Step 1: Search Computing Theory and Optimization


The first step of the SeCo project will take place during the first 18 months of the project. It will focus on search computing theory and the statistical and optimization methods (items A-C of the synopsis). The results of PRIN project described in part B1 of the state of art will evolve in a first nucleus of solid results proving the feasibility of the approach. Problems to be covered will grow in complexity, from simple situation featuring the combination of two search services to broader situations open to an arbitrary number of services. In Step 1 we will consider static scenarios, but the environment will gradually evolve, to include dynamic scenarios in the third step and adaptation in the fourth step.

  1. KIGS. Step 1 will produce, as key intermediate goal KIG1, the definition of a search computing infrastructure, supporting basic operations for registering services, for registering queries, for expressing queries and their formal properties, for associating them with execution strategies, for computing the cost of each execution strategy and for determining the global ranking by combining local rankings of each individual search service.
  2. RESULTS. In achieving KIG1, we will produce:
    R1: State of art on search computing infrastructure, available at month 9.
    R2: Report on search computing infrastructure, available at month 18.
    P1: Execution environment prototype, a first prototype implementation of the execution environment, which will allow us to test the service integration approaches upon statically defined search services over different domains, available at month 18. This step will advance the state-of-the-art as reviewed in sections A, B1 and C4.
  3. MEASURES. Metrics for measuring the success of this step will be the number and heterogeneity of registered services, the good fitting of cost models (correspondence between modelled and actual costs), and the precision and recall of information retrieved with given queries according to the execution strategies.
  4. RESOURCES. Step 1 will require 20% of SeCo resources.
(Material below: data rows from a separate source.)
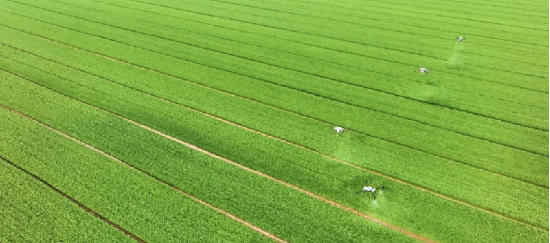 兴业银行成都分行：绿色减排“碳”出转型“兴”路子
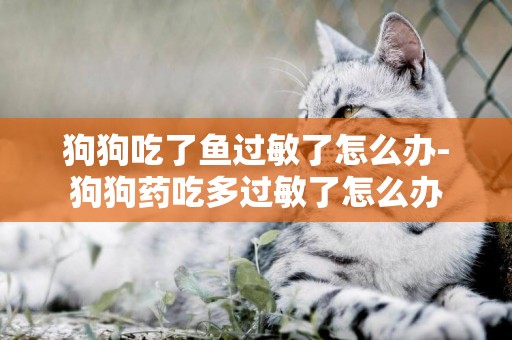 狗狗吃了魚過敏了怎么辦-狗狗藥吃多過敏了怎么辦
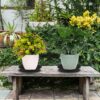 TrustBasket-UV-Treated-Round-Bottom-TrayPlateSaucer-Suitable-for-10-inch-Round-Plastic-Pot-Black-Color-Set-of-12-Heavy-Duty-Durable-Plant-saucerGamla-for-Indoor-Outdoor-Balcony-Garden.jpg TrustBasket UV Treated Round Bottom Tray/Plate/Saucer Suitable for 10 inch Round Plastic Pot (Black Color) - Set of 12 | Heavy Duty Durable Plant saucerGamla for Indoor & Outdoor Balcony Garden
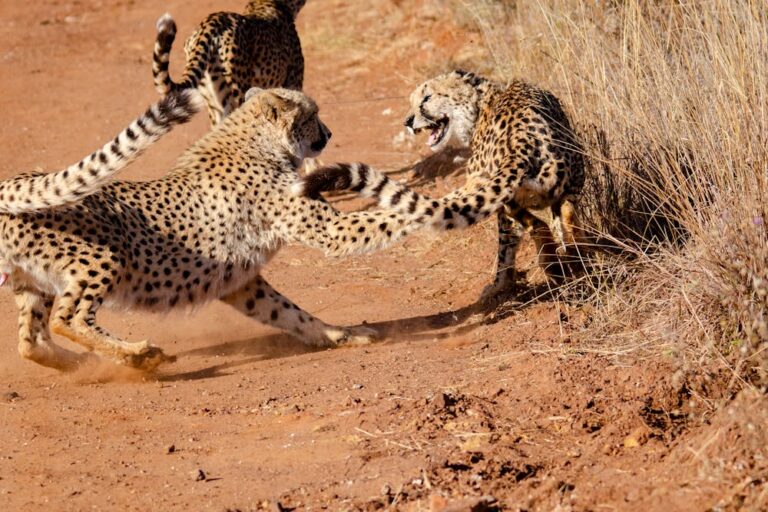 Cheetah Walking on Brown Sand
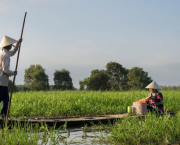 La crise agricole dans le Delta du Mékong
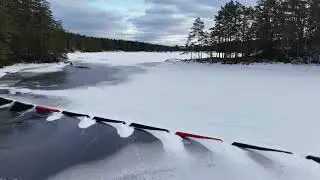 DJI 20260201131348 0006 D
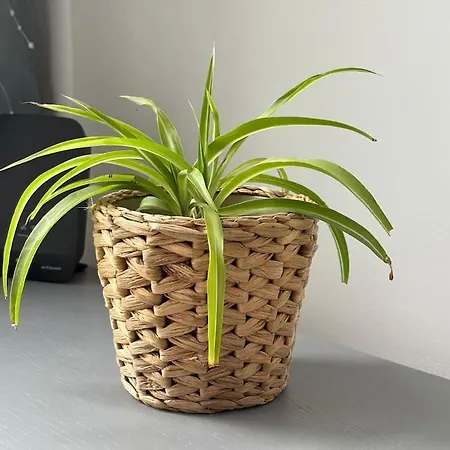 Studio Cosy Намюр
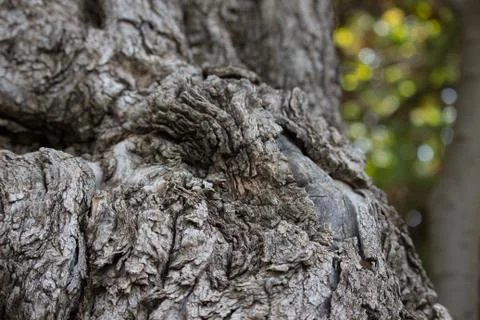 Olive bark Stock Photos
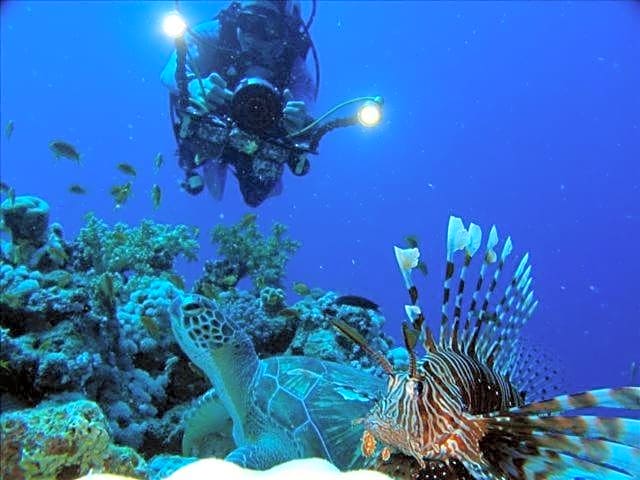 La Tonnelle Guest House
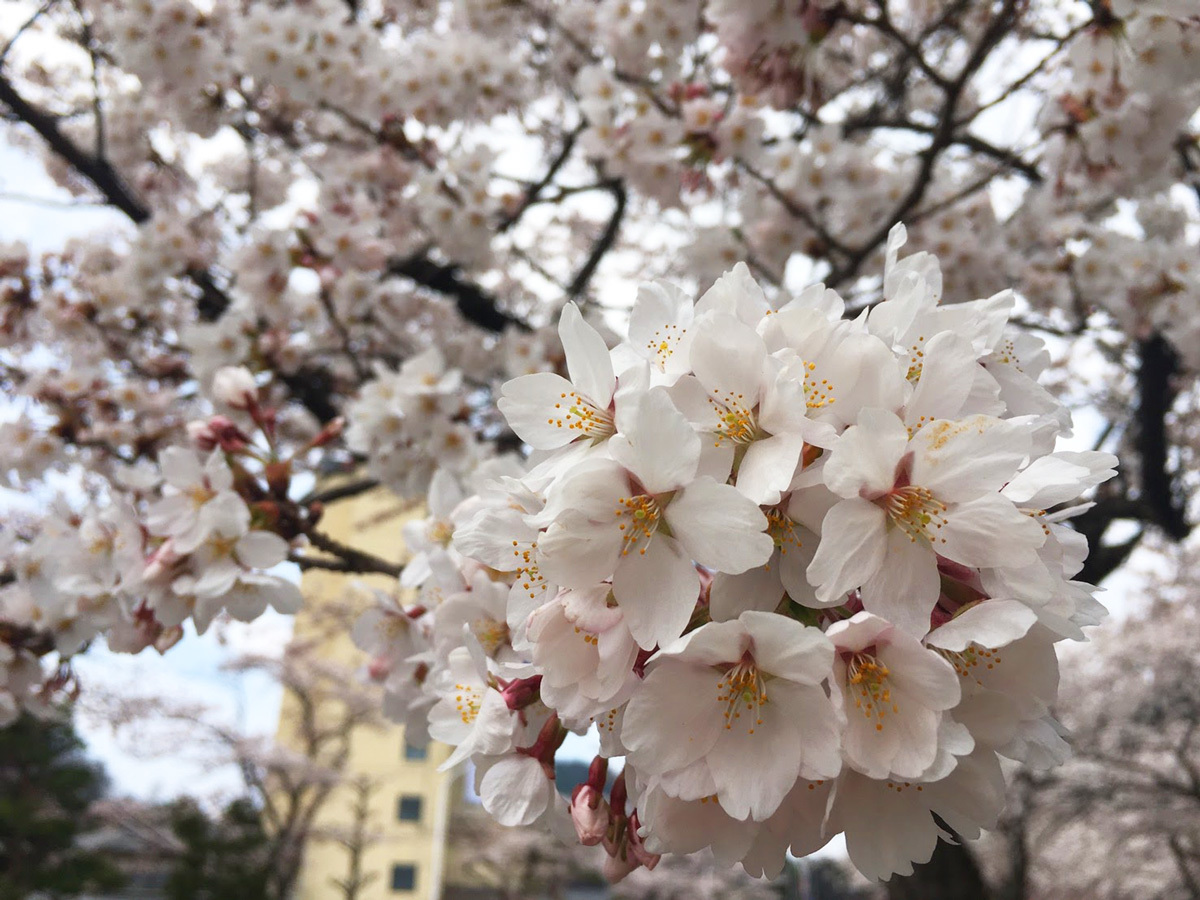 20170425_桜.jpg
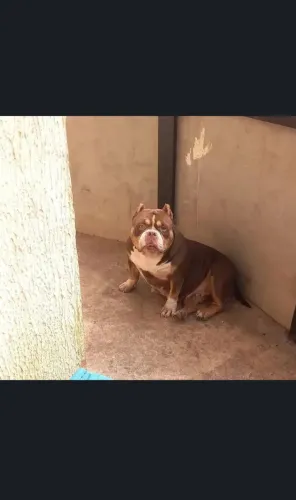 american bully fêmea com pedigree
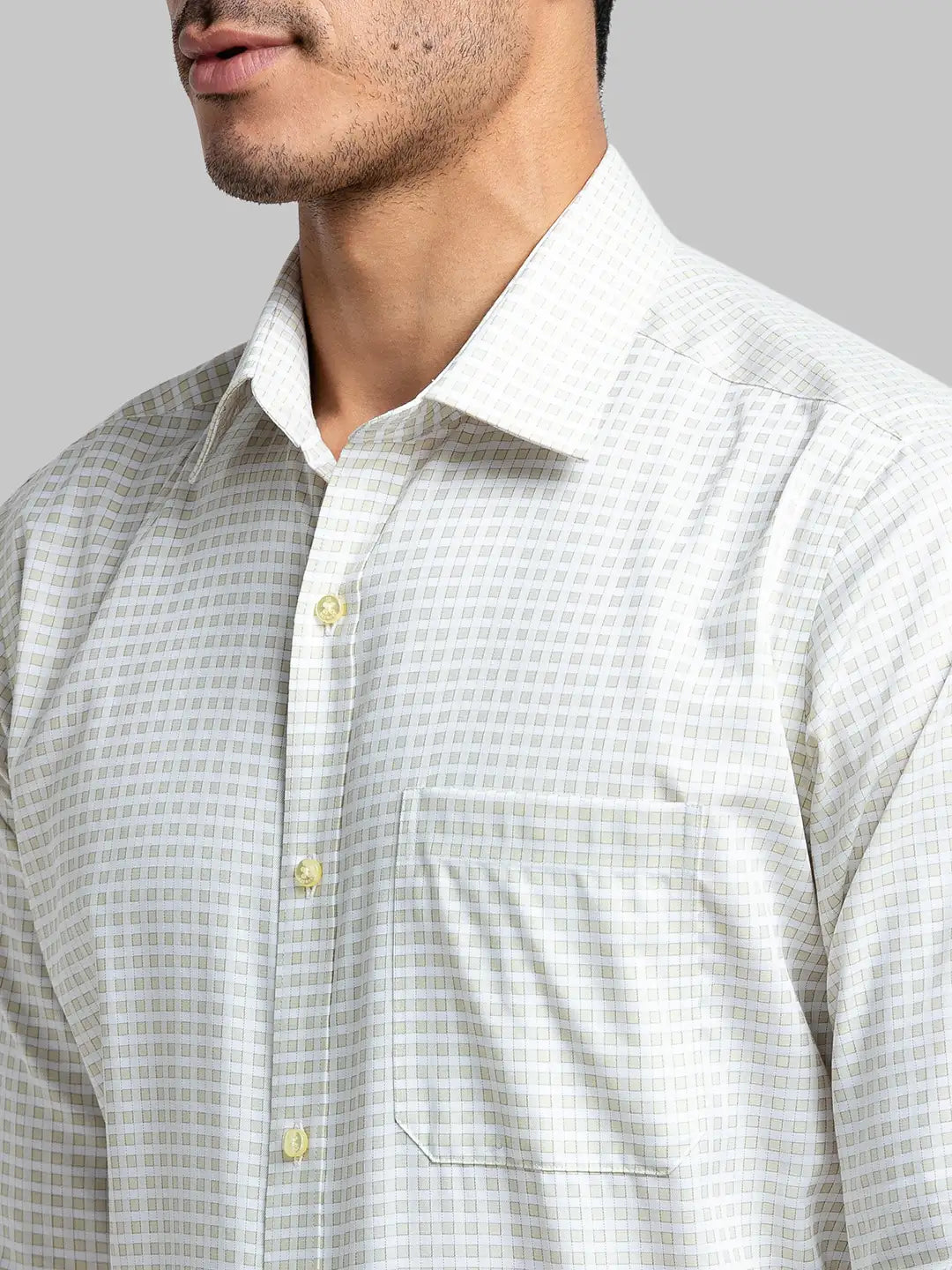 Men Regular Fit Light Green Shirt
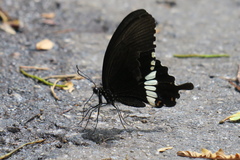 Papilio polytes romulus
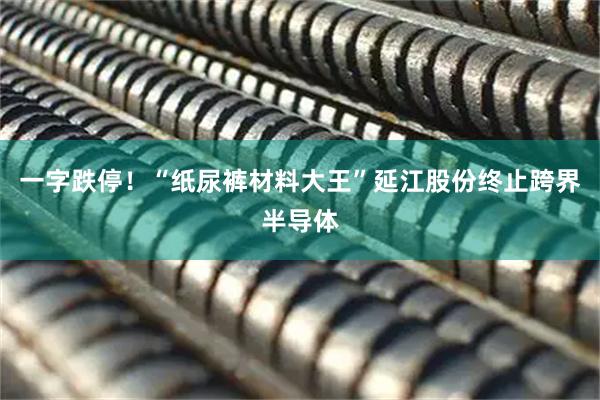 一字跌停！“纸尿裤材料大王”延江股份终止跨界半导体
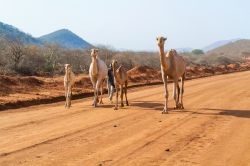 Regione di Marsabit, Kenya: un uomo cammina con i suoi dromedari sulla strada per Moyale  - © Marek Poplawski / Shutterstock.com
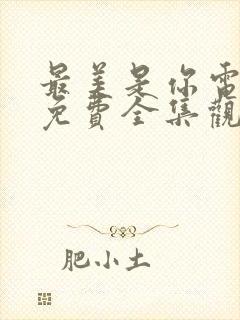 最美是你电视剧免费全集观看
Step 2: Search Computing Languages and Methods

The second step of the SeCo project will take place between months 7 and month 30, in partial overlap with Step 1. It concerns the definition of queries upon search services through language abstractions and description formalisms (items D-E of the synopsis). Languages will enable the development of search computing applications. Therefore, emphasis on language abstraction will gradually evolve into service computing engineering (item K of the synopsis), i.e., a set of methodologies, tools and best practices helping developers in setting up software applications which benefit from search computing.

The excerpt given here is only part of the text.